Nieuczciwa kasjerka w rękach policji
Policjanci z Wilanowa w dużym centrum handlowym zatrzymali 26 letnią kasjerkę, która dokonywała nieprawdziwych transakcji. Kobieta pracując przy kasie nie nabijała części zakupów a pieniądze zamiast do kasy trafiały do jej kieszeni. Na chwilę obecną ustalono, że straty wynikłe z jej działalności mogą wynieść nawet 750 złotych. Kobieta usłyszała już zarzuty przywłaszczenia. Może jej grozić za to do 3 lat więzienia.

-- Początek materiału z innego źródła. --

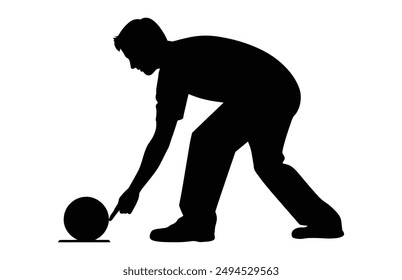 Lawn Bowls Silhouette Vector isolated on a white background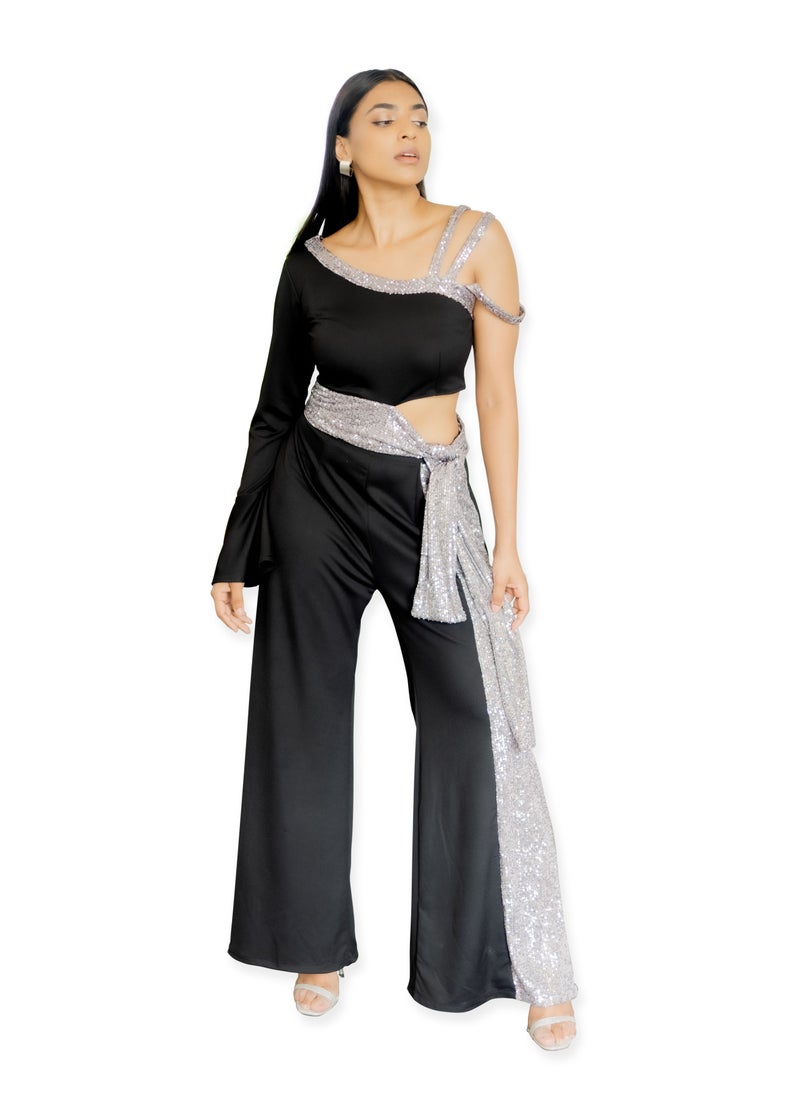CH Glamstore Single Sleeved Crop Top and Wide Leg Pant Set  - Image 1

Kilka dni temu policyjna załoga pojechała do dużego centrum handlowego na Wilanowie. Tam funkcjonariusze zatrzymali 26 letnią kobietę. Sprawa była rozpracowywana od dłuższego czasu kiedy to z policjantami skontaktował się jeden z dyrektorów sklepu informując o systematycznych kradzieżach pieniędzy.
Funkcjonariusze natychmiast zajęli się sprawą. W czasie dochodzenia ustalili, że tymi kradzieżami zajmuje się jedna z pracownic sklepu pracująca na kasie. Kobieta nie nabijała na kasę wszystkich zakupów. Pieniądze za towar zamiast trafiać do kasy, chowała do kieszeni. Policjanci ustalili, że w przeciągu kilku dni Mariola S. w ten sposób przywłaszczyła 750 złotych. 26-latka usłyszała już zarzuty karne. Wkrótce o wysokości kary zadecyduje sąd.